= June 1967 Tunis riots =

Anti-jewish riots in 1967 Tunis

The June 1967 Tunis Riots or Demonstrations were demonstrations and riots in Tunis on 5 June 1967, in reaction to the Naksa of the same year. The riots lasted 6 hours, in which a crowd of leftist students organized under the Perspectives movement, set fire to the British Library then the American Library, proceeding to Trans World Airlines' offices and the American Embassy. After that, they began to attack Jewish property, vandalizing cars and 100 commercial stores along with a number of Synagogues, including the Grand Synagogue, which they vandalized, desecrated, and burned from the inside and out.

30 protesters also burned the door of the headquarters of the Joint Jewish Distribution Committee (JDC). In June 6th, the President Habib Bourguiba called for the end of the protests and riots, while strongly condemning them in a speech.

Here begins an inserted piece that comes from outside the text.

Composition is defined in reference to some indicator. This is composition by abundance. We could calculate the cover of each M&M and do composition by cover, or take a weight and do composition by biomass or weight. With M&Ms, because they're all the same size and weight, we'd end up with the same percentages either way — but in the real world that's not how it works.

The Government then placed military and armored units across various strategic position in the Capital. In addition, four ministers personally visited the Jewish Community Relations Council and issued a formal apology. The next day, 54 rioters were arrested, the National Police Chief and minister of interior were relieved of their duties. In a trial held by the Tunis Military Court, at the end of July, All defendants were convicted and sentenced to prison terms of up to 20 years, the last being Muhammad Ben Jannet's sentence. In the wake of these events, a mass migration of Jews followed in which more than 25,000 people fled the country in the first month.